Should churches mix God and politics?
Like red, white and blue bunting, pastors and prayers have been prominently displayed in Denver at the Democratic National Convention—as they will be in St. Paul for the GOP.
Much of the appeal to God from political podiums is no doubt sincere. After all, most Americans are religious people who expect political gatherings to have invocations, benedictions and a fair amount of God-talk in between.
But beyond the benign rituals of civil religion, the mixture of God and politics in America can be a volatile brew, often poisoning the body politic with charges and counter-charges about which party is religion-friendly—and which candidate is a true Christian.
From Mitt Romney’s church to Barack Obama’s pastor, this year’s presidential race has been marked by some of the ugliest debates about religion in living memory. And all of the leading candidates have scrambled to reassure the so-called “values voters” that they are on God’s side.
It’s no accident that the first joint appearance of Obama and John McCain was held in a megachurch and moderated by an evangelical pastor asking questions about what it means to be a Christian.
Many churches have become political hot spots, organizing for causes from peace on the left to abortion on the right—all while trying (sometimes unsuccessfully) to avoid violating the IRS rules against electioneering by tax-exempt nonprofits.
Until now, at least, most Americans have voiced support for mixing God and politics. According to polls taken over the past 10 years by the Pew Research Center, a majority of Americans have favored the idea of churches’ speaking out on social and political issues.
Now the pendulum is moving the other way. In a survey released by Pew last week, a majority (52 percent) now want churches to keep out of politics.
Here’s the surprising part: The greatest shift in opinion has occurred among conservatives. Four years ago, a mere 30 percent of conservatives said churches should stay out of politics. Today, fully half of conservatives feel that way.

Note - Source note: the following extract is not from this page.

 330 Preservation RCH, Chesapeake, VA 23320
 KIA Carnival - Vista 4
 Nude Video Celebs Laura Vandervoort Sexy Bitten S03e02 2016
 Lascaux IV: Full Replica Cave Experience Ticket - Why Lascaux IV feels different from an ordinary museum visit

It’s not just conservatives generally, but social conservatives in particular who are re-thinking the role of churches in the political arena. In 2004, for example, only 25 percent of people who rated gay marriage as a top voting issue said churches should stay out of politics. Today, that percentage has risen to 50 percent.
Even the faithful are growing weary of faith-based politics.
While the causes of this discontent may be hard to pin down, I suspect that much of the shift in opinion is rooted in disillusionment with the political process. The strategy of some evangelical leaders to ally churches with the Republican Party hasn’t paid off. The same might be said of African-American churches aligned with the Democratic Party.
As in the folktale of the boy who rode the tiger and ended up inside, religious groups seeking to influence a political party are swallowed up as just one more interest group to be appeased.
That’s one reason why many emerging evangelical leaders are trying to divorce the Gospel from political ideology—and simultaneously attempting to expand the religious agenda beyond abortion and sexual orientation to include such issues as poverty and the environment.
For some Americans, of course, any involvement of churches in politics is too much. On a billboard near the Denver convention, the Freedom From Religion Foundation proclaims: “Keep Religion Out of Politics.”
But for most Christians and for many others, faith by definition requires political involvement of some kind. Contrary to the freedom-from-religion crowd, the First Amendment doesn’t bar religion from politics. It protects the right of houses of worship to speak out on the public-policy issues of the day.
Pollsters might be asking the wrong question. It isn’t “Should churches keep out of politics?” but rather, “How should churches engage in politics?”
Religious groups have always played a key role in shaping American political life. From abolition to child-labor laws to suffrage to civil rights, no important social change in U.S. history took place without the involvement of religious people and institutions.
The “how” question is best answered when churches keep an arm’s length from political parties and partisan rhetoric—and instead focus on proclaiming a prophetic vision of the kind of society they believe God requires.
As Martin Luther King put it: “The church must be reminded that it is not the master or the servant of the state, but rather the conscience of the state. It must be the guide and the critic of the state, never its tool.”